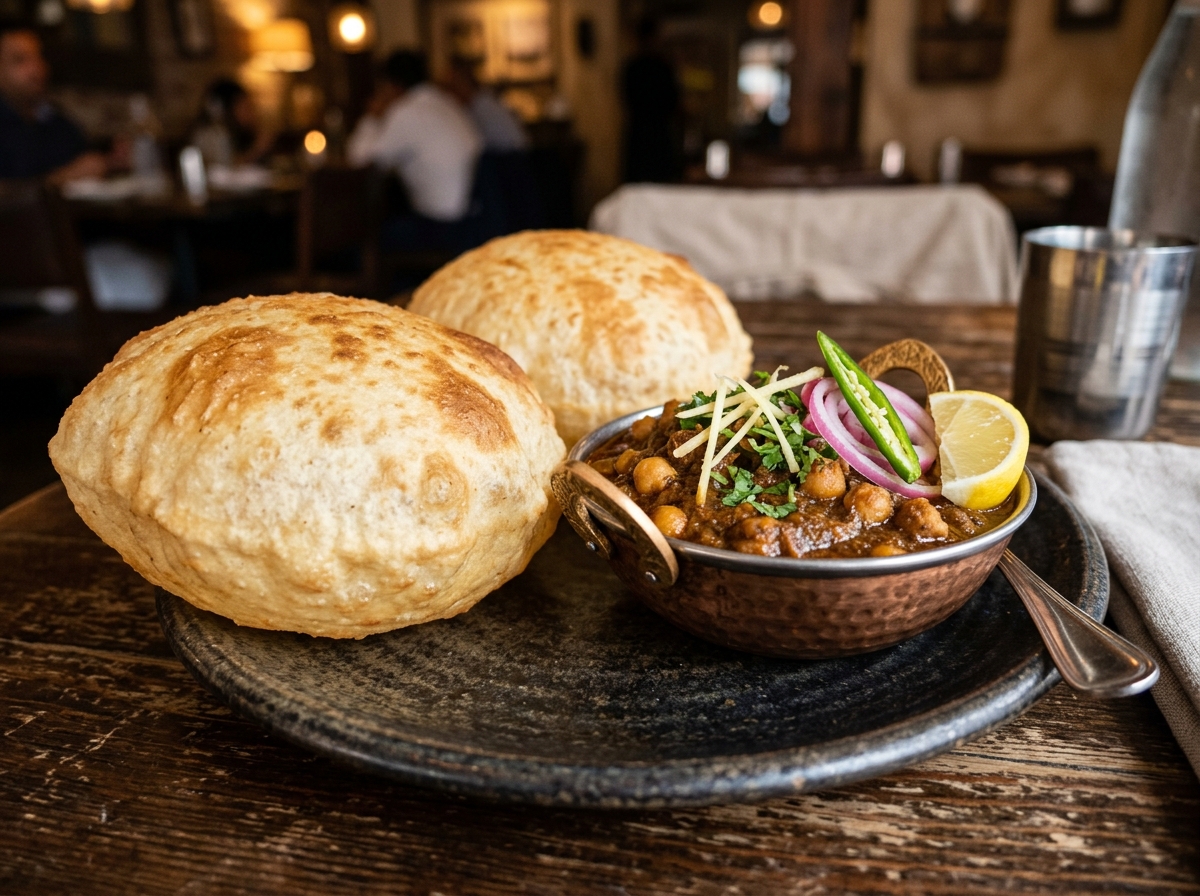 Chole Bhature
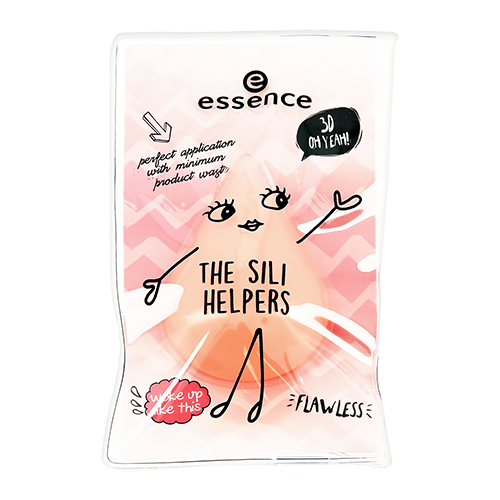 

Спонж для макияжа ESSENCE THE SILI HELPERS силиконовый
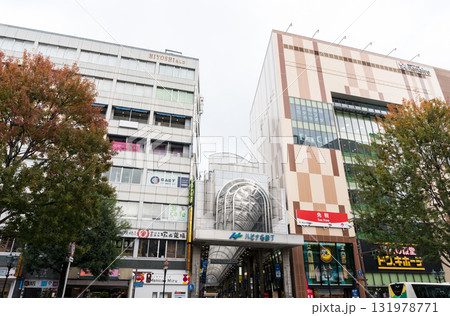 JR仙台駅周辺の景色　ハピナ名掛丁を散歩　秋の空気　宮城県仙台市青葉区 131978771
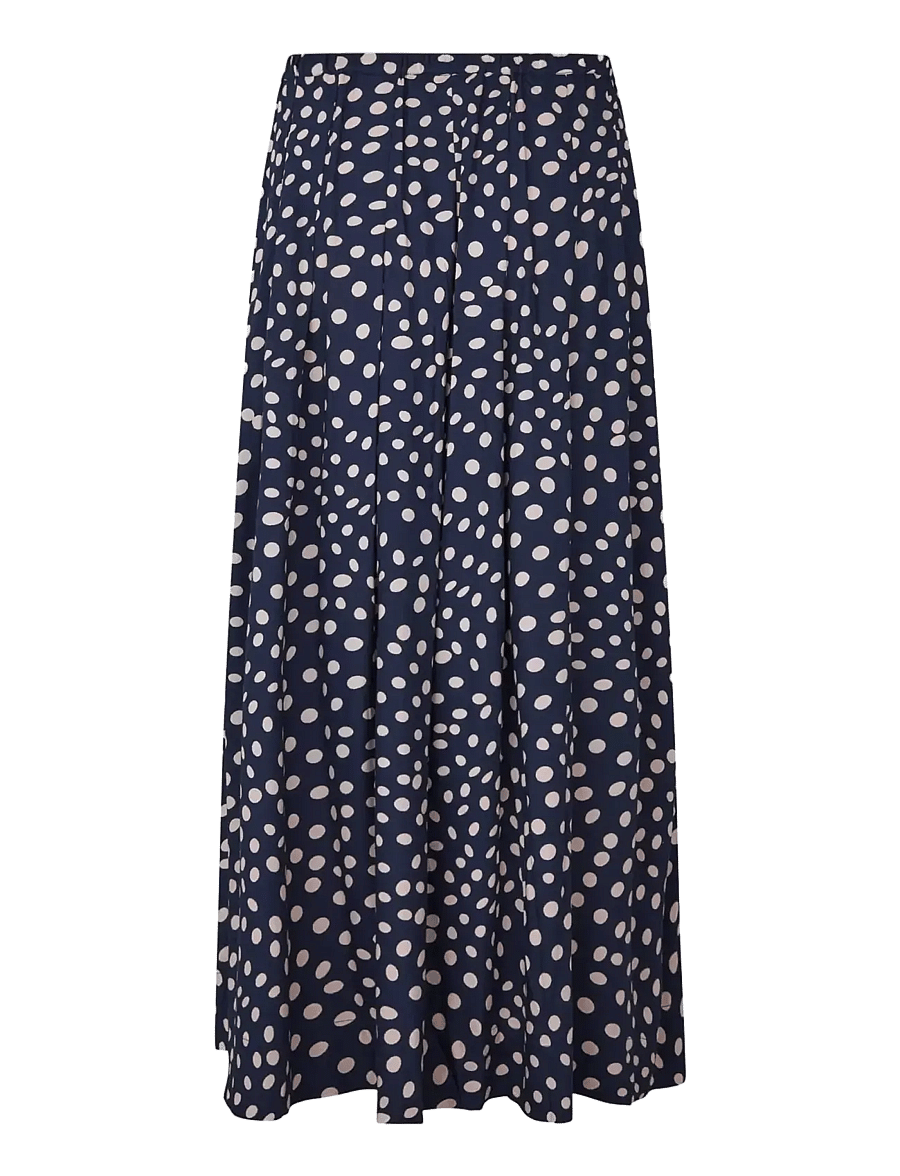 Masai - MaSiffan - midi skirts - navy blazer - 1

━━━━━━━━━━━━━━━━━━━━

> **Task goal**: From the line containing "JR仙台駅周辺の景色　ハピナ" down to the end of the data above, reproduce each line exactly; no pictures.

> **Response for this exercise**:
 JR仙台駅周辺の景色　ハピナ名掛丁を散歩　秋の空気　宮城県仙台市青葉区 131978771
 Masai - MaSiffan - midi skirts - navy blazer - 1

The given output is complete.